HTML2RSS: Automatic Generation of RSS Feed
based on Structure Analysis of HTML Document

Tomoyuki Nanno

Interdisciplinary Graduate School of Science and Engineering, Tokyo Institute of Technology.
4259 Nagatsuta-cho, Midori-ku, Yokohama, Kanagawa JAPAN 226-8503

Manabu Okumura

Interdisciplinary Graduate School of Science and Engineering, Tokyo Institute of Technology.
4259 Nagatsuta-cho, Midori-ku, Yokohama, Kanagawa JAPAN 226-8503

ABSTRACT

We present a system to automatically generate RSS feeds from HTML documents that consist of time-series items with date expressions, e.g., archives of weblogs, BBSs, chats, mailing lists, site update descriptions, and event announcements. Our system extracts date expressions, performs structure analysis of a HTML document, and detects or generates titles from the document.

Categories & Subject Descriptors

H.5.4 [Information Systems]: Hypertext/Hypermedia;
H.3.5 [Information Systems]: Online Information Services;

General Terms

Management

Keywords

RSS, Atom, feed, document analysis, syndication

1 Introduction

Almost all the information on the World Wide Web is unstructured [1], and as such, its layout description languages are hard to analyze automatically. In recent years, there has been a lot of effort to find ways to provide structured information, such as the Semantic Web and web services such as Google APIs and Amazon Web Services. For computers to use the web effectively, it is thought that the use of metadata will be inevitable.

RSS (RDF Site Summary / Really Simple Syndication) in particular has received a lot of attention. For example, RSS and/or Atom feed are used for metadata distribution in almost all weblogs. Since RSS is designed for distributing update information on a web site (e.g. title, description and last update), many web sites other than weblogs, such as news web sites or BBSs (Bulletin Board System), are using it for update notification.

Many applications to handle RSS feeds have been developed. For example, by using an RSS reader application we can easily track hundreds of web sites every day because we can browse at a glance the updated information on many web sites.

However, the web sites that can be subscribed to with an RSS reader are restricted to web sites that have been built up with CMSs (Content Management Systems) such as blogging softwares, because if an author builds a web site with CMS, there are no additional costs to generate the RSS feed; otherwise the author has to generate the RSS feed manually and update it accordingly. Another problem is that we cannot read past contents via RSS feeds, because the feeds usually include only the n-most recently published contents [2].

To solve these problems, we construct a system to automatically generate RSS feeds from HTML documents that consist of time-series items with date expressions, e.g., archives of weblogs, BBSs, chats, and mailing lists, update descriptions on a site page, and announcements of events. Our system extracts date expressions, analyzes the structure of a HTML document, and detects/generates titles from the document.

By using our system, a user can read any web pages with an RSS reader even when they provide no RSS feed, and authors of web pages that have no RSS feed can easily make them ``RSS-Autodiscovery'' ready.
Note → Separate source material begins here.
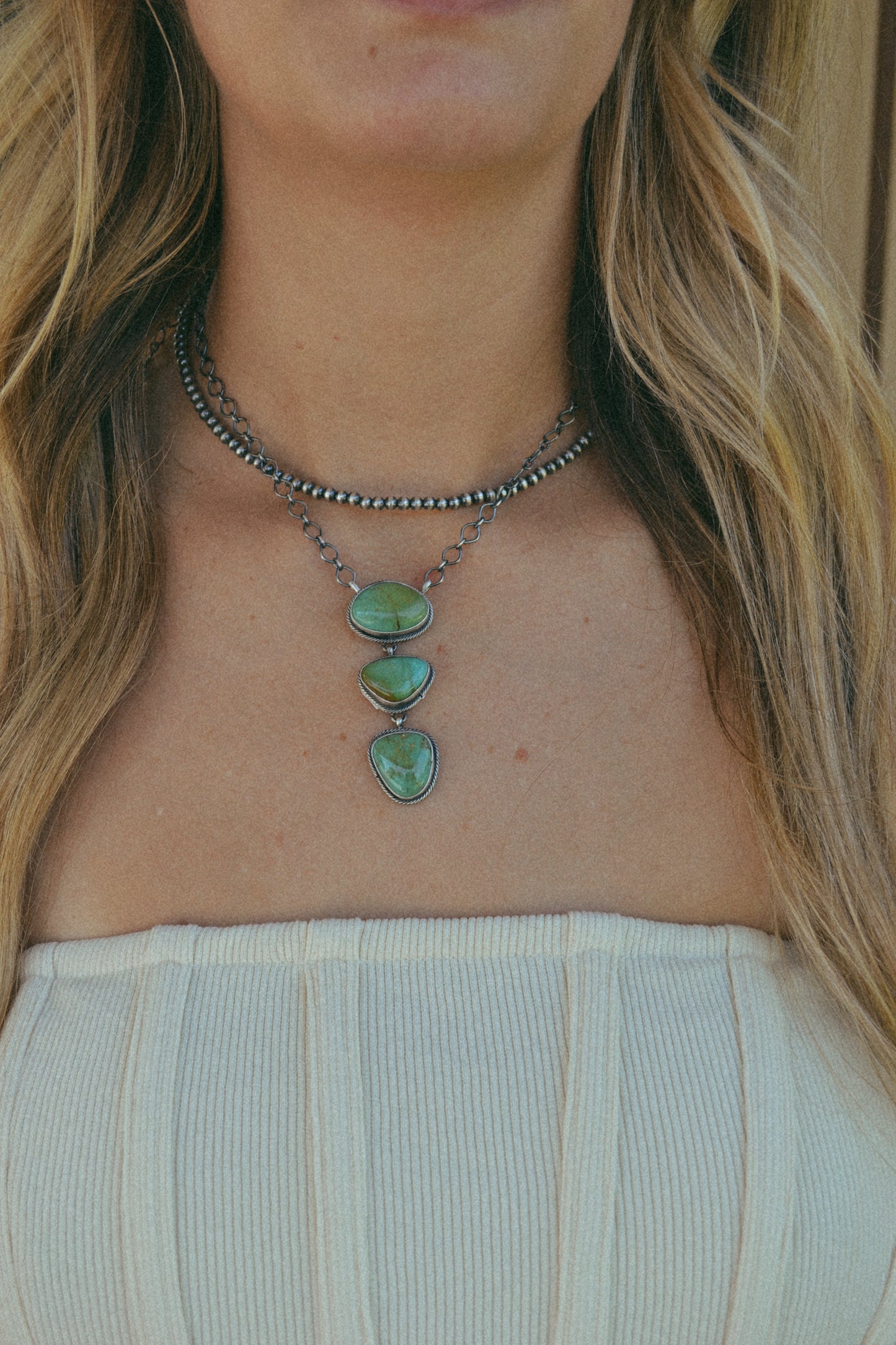 Scott skeets royston turquoise lariat necklace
Moreover, our system can be applied to an archive page of time-series items, enabling a user to easily get a ``back-issue'' RSS feed.

2 Overview of Our system

Figure 1: Flowchart of our system

Figure 1: Flowchart of our system

Figure 1 shows the flowchart of our system.

Figure 2: The structure to be extracted

Figure 2: The structure to be extracted

To generate the appropriate RSS feeds, we need to extract the shadowed boxes in Figure 2 as items. Therefore, our system first segments a web page into dated items by detecting and using date expressions. After that, our system tries to detect titles in each item. If each dated item includes more than one title, our system segments it further by using the titles, otherwise it generates a title for each dated item, because the RSS feed needs a title for each item. To detect/generate the title, our system uses many RSS feeds that have been collected from the web to construct a language model of title expressions.

3 HTML2RSS: RSS Feed Generator

Here we explain our web application ``RSS Feed Generator1'', which is freely available. We released the system on 9th May 2005, and had 11.73 million accesses since then (as of the end-October 2005). Lately our system generates RSS feeds for 11 thousand different URLs and delivers more than 90 thousand feeds a day.

In the ``Confirmed Business Track Speakers'' section of ``WWW2006: Confirmed Speakers'' page2, the speakers are described with date expressions and session titles.

Figure 3: Output for ``Confirmed Speakers'' in WWW2006 site

Figure 3: Output for ``Confirmed Speakers'' in WWW2006 site

Figure 3 shows the output of our system for the this page 3. Our system found these date expressions and session titles automatically, and extracted the appropriate part of the HTML document that each date expression and title annotate. It also visualized all the possible RSS feed patterns so that a user could select the one which she wanted, because a web page can contain multiple time-series items.

If the user clicked the link ``Subscribe This RSS Feeds'', she would obtain the RSS feeds and thereby track the schedule/speaker change by combining our system and the RSS Reader together.

The author of a page can also use the system in another way. When she wants to make her page ``RSS-Autodiscovery'' ready, she has only to copy the URL of the link ``Subscribe to This RSS feed'' and pastes it into the document header. By doing so, when the author updates the ``Schedule'' information, she needs no additional work to maintain the RSS feed, because the system re-generates the feed automatically.

These results showed user's demands for tracking much information on the web via an RSS reader even though it does not provide its content with RSS. RSS has become popular day by day, though current users might not be ordinary people.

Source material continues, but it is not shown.